• Work to be completed:
Nothing outside the range is wanted. Repeat exactly the lines below from the one with "3pc Lawn Printed Suit with Printed Trouser" through the one with "Size: 1600x1600 |".
---------- Data for processing ----------
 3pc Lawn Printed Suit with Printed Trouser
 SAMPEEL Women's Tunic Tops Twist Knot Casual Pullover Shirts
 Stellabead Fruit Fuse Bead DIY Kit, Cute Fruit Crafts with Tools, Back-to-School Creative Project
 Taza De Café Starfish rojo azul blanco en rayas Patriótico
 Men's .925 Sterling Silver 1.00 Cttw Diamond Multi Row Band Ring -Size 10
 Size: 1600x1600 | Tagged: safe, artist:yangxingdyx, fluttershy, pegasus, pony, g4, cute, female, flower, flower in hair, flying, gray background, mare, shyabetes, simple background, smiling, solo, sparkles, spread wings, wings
----------
---------- Data for processing ----------
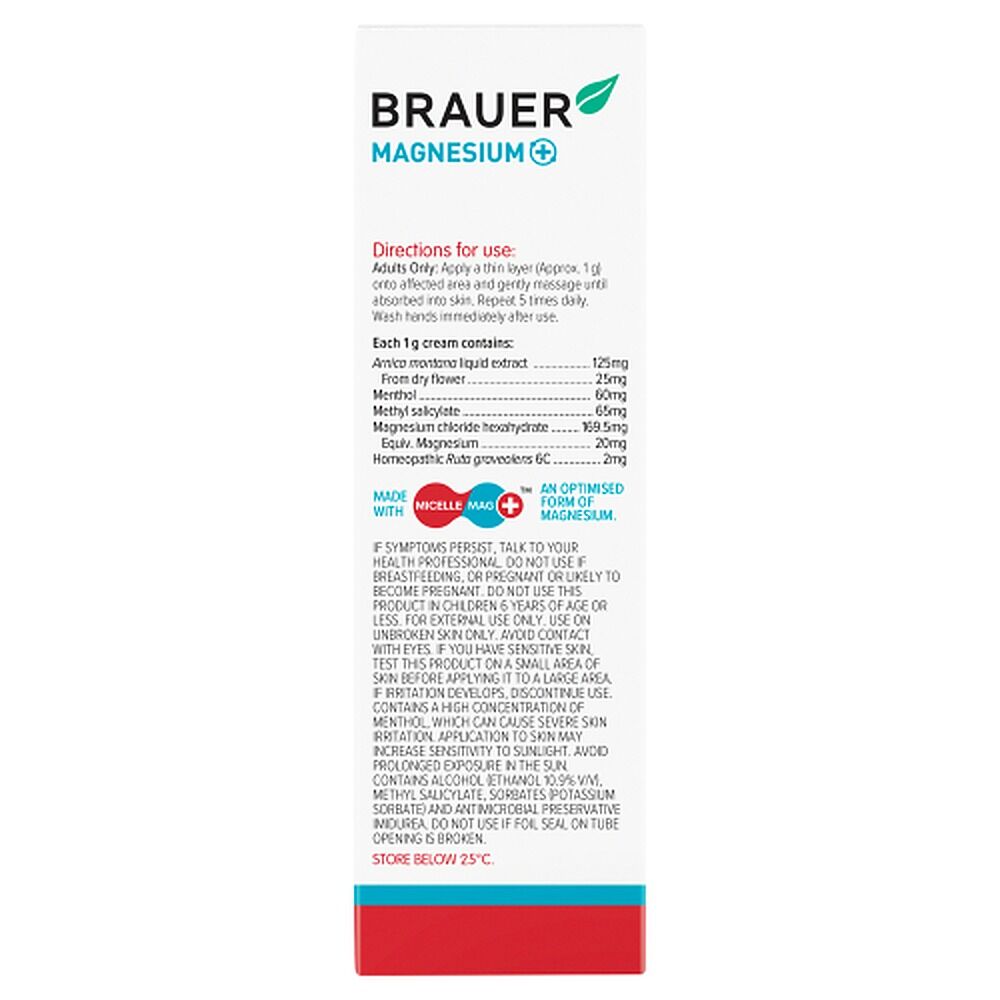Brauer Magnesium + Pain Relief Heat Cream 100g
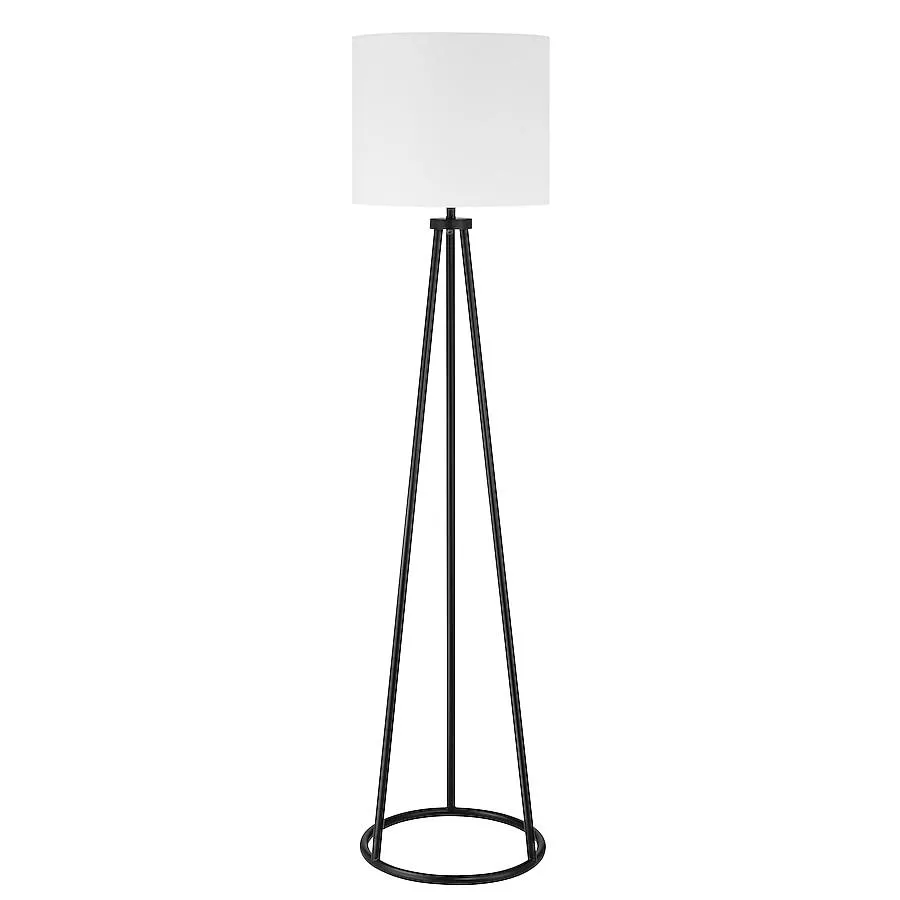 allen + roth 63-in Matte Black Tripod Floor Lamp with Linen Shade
----------
---------- Data for processing ----------
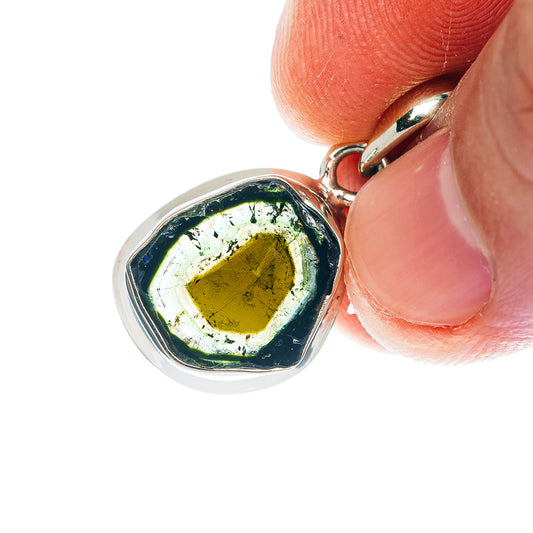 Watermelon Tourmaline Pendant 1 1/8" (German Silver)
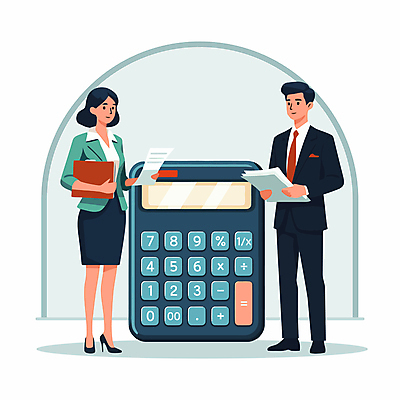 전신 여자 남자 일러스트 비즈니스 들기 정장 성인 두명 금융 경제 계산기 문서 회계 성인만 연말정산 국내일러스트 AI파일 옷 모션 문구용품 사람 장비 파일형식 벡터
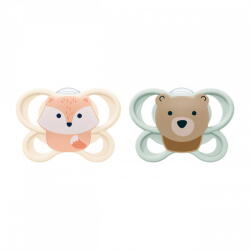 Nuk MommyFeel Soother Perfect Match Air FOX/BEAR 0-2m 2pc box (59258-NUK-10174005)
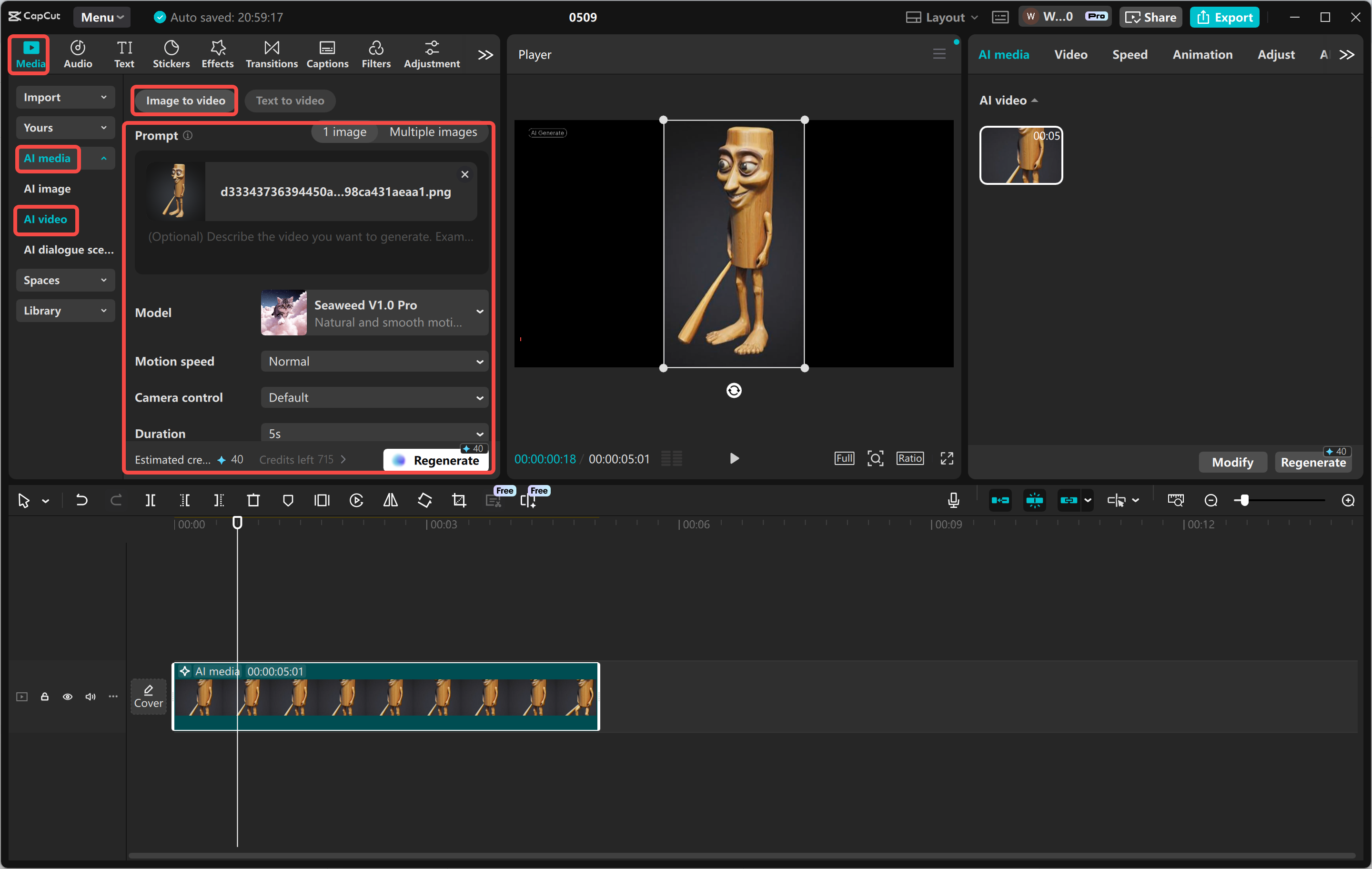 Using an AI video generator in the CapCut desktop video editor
----------
• Exercise solution:
 3pc Lawn Printed Suit with Printed Trouser
 SAMPEEL Women's Tunic Tops Twist Knot Casual Pullover Shirts
 Stellabead Fruit Fuse Bead DIY Kit, Cute Fruit Crafts with Tools, Back-to-School Creative Project
 Taza De Café Starfish rojo azul blanco en rayas Patriótico
 Men's .925 Sterling Silver 1.00 Cttw Diamond Multi Row Band Ring -Size 10
 Size: 1600x1600 | Tagged: safe, artist:yangxingdyx, fluttershy, pegasus, pony, g4, cute, female, flower, flower in hair, flying, gray background, mare, shyabetes, simple background, smiling, solo, sparkles, spread wings, wings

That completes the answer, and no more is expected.